Qualifications and conditions for funding

Sources of finance are not created equal. They have different characteristics, different priority areas, different investors, different target markets, different requirements for financing, different motives for financing, etc. It is important to know these and other variables about funding sources. However, surprisingly few entrepreneurs seeking finance for their business take the time to research the various sources of finance to discover their raison detre and their outlook along some of the dimensions just mentioned. Going blindly from one source of finance to another does not pay. The more knowledge one has about sources of finance, the better placed they will be to approach the right sources of finance and to precisely address the requirements for funding and that way raise their chances of securing funds considerably.

When searching for external sources of finance it is essential not only to evaluate each source of finance and their selection criteria and processes, but also to evaluate yourself in the context of an ideal profile of candidates for funding from each source. Contrary to the belief held by many, the availability of collateral is not the only criteria required of borrowers. Each source of finance has a scoring sheet that they use to evaluate applicants. Broadly speaking, the scoring sheets cover the following general headings commonly referred to as the 5Cs, albeit the terminology used and the emphasis placed on each element may differ from one institution to another:

  1. Previous borrowing record and personal integrity. It is very important for entrepreneurs to establish credibility with representatives of the institution so that they can act as champions for the application as it goes higher up the approval processes. Therefore, how one appears, how they present their business etc are essential. Trust is the foundation of all business relationships. A record of borrowing and paying back should be established. Full disclosure of all information including any previous default judgements and reasons for them, and why that is no longer expected to happen again, are all important. The character of the entrepreneur is the single most important vatiable that lenders use. Essentially the question is: can this applicant be trusted?

Evidence of capacity in cash flows & coverage ratio [Earnings/debt service]. Managerial capabilities and experience. Lenders want to be certain that the entrepreneurs that they are lending money to know what they are doing and therefore, will be able to pay back the money given to them. Where a track-record and experience in the industry cannot be established for the applicant and key members of their management team, then, the risk perception becomes too high to overcome. Nobody is keen to lend depositor or investor money for business experiments.

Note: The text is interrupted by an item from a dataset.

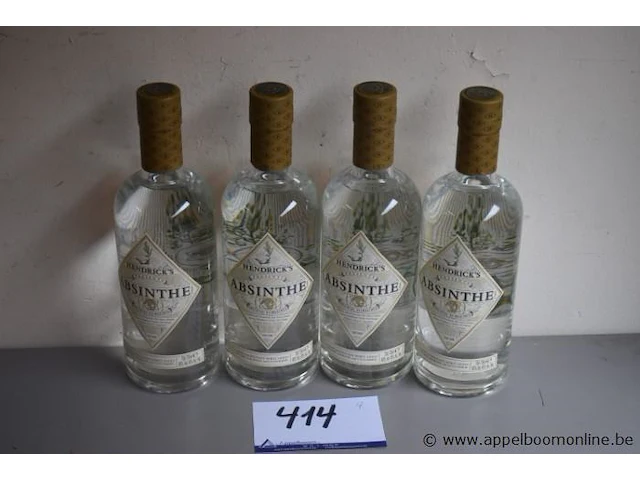 4 flessen à 70cl absinthe hendricks 48% - afbeelding 1 van  2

How much long-term equity has been put in by the owners & is the debt/equity ratio in line with the industry average or that of similar businesses? It is not reasonable to expect third parties to put money into a business that you the owner have not put any money into or have put in less money than you are asking for. Third parties cannot be expected to bear a higher risk for the business than the entrepreneurs themselves.

How attractive is the market for the product in question? How differentiated is the product? What is the economy, industry, politics like, where are things going, what are the risks – what can go wrong and what happens if it does?

What form of security is available? Physical assets or financial assets such as shares, life-insurance policies and guarantors. Physical assets are generally preferred but financial assets can often be accepted in lieu of physical assets providing that the financial institution is open to such a proposal.

It is important to remember that default risk increases with increased borrowings from multiple sources. For that reason, it is important to narrow or consolidate your borrowing with a few sources of finance or preferably just one source. It also has the added benefit of creating stronger ties with the institution which makes future applications easier. At the same time, it should also be remembered that lenders can place restrictions [covenants] on applications for funding from other sources, or on the use of cash flows and on the use or disposal of property and equipment purchased with borrowed funds. The objective for lenders doing this, is to safeguard their funds or to increase the prospect of loan repayment.

Funds from government or donor sources are often attractive to entrepreneurs because they are either cheap or free of charge. That is, they either have a low interest charge or that they do not need to be repaid at all. However, it is important to realise that government or donor funds generally come with intensive reporting requirements that can take up a substantial amount of an entrepreneur’s time away from their core business. In fact, reporting requirements from these sources can be quite burdensome and distracting. Therefore, what may first appears as cheap or free funds, may be neither after all.